Gardening, Kids, and Comparisons. It’s all happy in a sad kind of way.
It is beautifully cool tonight as I write this post.
Low humidity, a cool 72 degrees, full moon. it feels like Football Season.
You have no idea how much I love Football Season.
I may or may not have an addiction to NCAA Football. Perhaps more than my husband. I can sit at home on a Saturday, turn on ESPN, and watch for solid 12 hours. I have this thing for underdog teams. For good looking uniforms. For beef eating farm boys tossing the pigskin. Gosh, I miss Colt McCoy and our Saturday one-sided love affair.
But this post isn’t about football.
It’s about my garden.
Tonight there are still buckets of cherry reds and yellow bells flourishing on the vine. There are huge purple peppers growing. There is okra. San Marzano tomatoes. Herbs upon herbs. There is a second round of raspberries starting to come on. And now, the grapes are really beginning to ripen up.
We are going to have SO many grapes. And quite honestly? I can’t wait. We have four varieties, and while we aren’t even sure what the varieties ARE, we collectively agree after our trip to Treehouse Vineyards, that the white grapes are Muscadine. I am thrilled about that!
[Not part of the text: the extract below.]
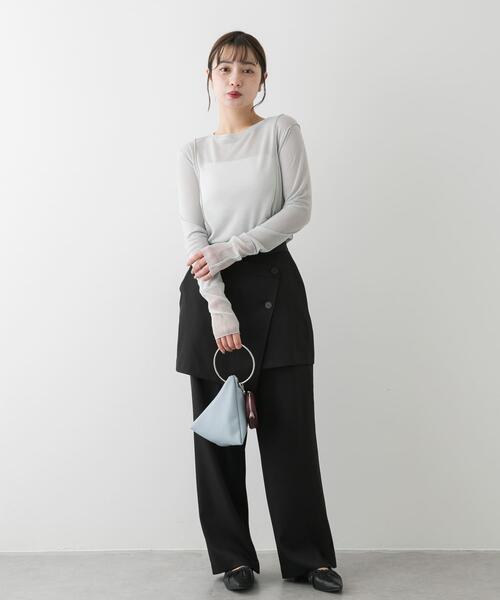 SENSE OF PLACE by URBAN RESEARCH(センスオブプレイスバイアーバンリサーチ)の「ラメシアーレイヤードトップ(Tシャツ/カットソー・レディース・イエロー/オフホワイト/グレー・ONE)」の22枚目の写真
I’m excited to make juice, and jelly. I’m anxious to try a Grape Pie. Heck…we may even attempt making wine this year. Is it hard? I’ve not looked into it, so if you have, and you can offer some advice (please!) I would love to have it!
While I love this time of year – the changing of the season coming on, the first few cool nights in the Dog Days of summer, it is also bittersweet. It means the warm days have passed in a blink. The season of fresh fruit and vegetables practically gone.
I will miss the taste of red ripe tomatoes, warm on my tongue, fresh from the vine. I will miss traipsing up into the back yard to dig out a sweet onion from the dirt. I’ll miss berry stained little boy fingers and dirty bare feet.
Tonight we took our baby to Pre-School Orientation. He was so excited to be going to Big Boy School. It’s only 3 days a week, for 3 hours each day, but it’s more than that.
He’s growing up and there is nothing I can do to stop it.
How long will it be before he is independent of me entirely? Before he’d rather die than cuddle with me in big comfy blankets? I am afraid it will happen as quickly as the garden fades.
One more year until he’s in Kindergarten.
I’m going to do my best to make it a great last year of childhood.